Beyond The Mini-Bar: How Hotels Are Reimagining The Modern Art Gallery The sterile hotel art of yesteryear — generic landscapes mass-produced for anonymity — is being replaced by vibrant cultural ecosystems. Around the world, a new breed of hospitality leaders is transforming lobbies, guest rooms, and even rooftops into dynamic platforms for contemporary art, democratizing access and forging unprecedented artist-community-corporate synergies.
Byron Armstrong FORBES, 10.07.'25
Back in 2008, when we sat down to write the business plan for our own place, we were not hoteliers – we were business strategists and concept people who had slept in more than 2,000 hotels. A small handful were inspiring; the rest were exactly what that Forbes quote talks about today: generic, sterile, forgettable. That observation became one of our core starting points.
So from day one, the strategy was simple: don’t be generic, don’t be sterile, don’t be background noise. If something felt like it came from a catalog, it didn’t belong in our house.
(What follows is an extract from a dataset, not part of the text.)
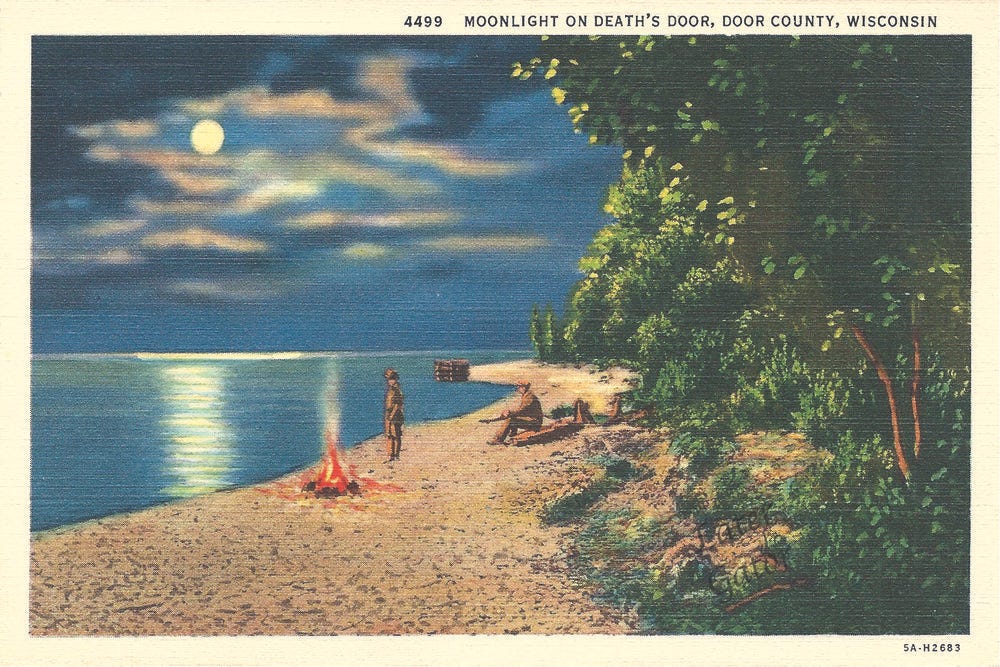 Vintage postcard of a colourful illustration of a moonlit lake and sandy shore hedged with woodland. Two people are in the scene, looking our to the moonlight on the lake. A small bonfire is burnging, sending up a small plume of smoke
Tings was never meant to be “on trend”; it was meant to feel like somebody’s slightly stubborn home that happens to have 18 rooms.
It was never our intention to get labeled as an independent art hotel. Tings is our playground where we play with our interests: Food, Flowers, Music, People… and art.
We don’t paint, we don’t sculpt, we don’t make installations. What we do have is a stubborn love for people who do – the ones who choose to spend their time making something nobody has asked for, but that somehow makes the world feel more alive. Brian Eno’s line lands perfectly for us: art is everything you don’t have to do – the dance instead of just walking, the style instead of just clothes.
A bed, a shower and Wi‑Fi are necessary; without art, life slowly turns into wallpaper. That’s why our “amenities” list will always include a changing mix of shows, murals, drawings and strange little pieces in corners where other hotels would put a neutral print.
Tings Lisbon is our way into that world. If we can’t create the works, we can create the space: a house where every wall, corridor, stair and toilet has a story painted, drawn or printed on it. Guests don’t walk past mass‑produced posters (with or without frames), but past originals made by artists we know personally – many of whom we’ve worked with in Kathmandu, Denmark and now Lisbon.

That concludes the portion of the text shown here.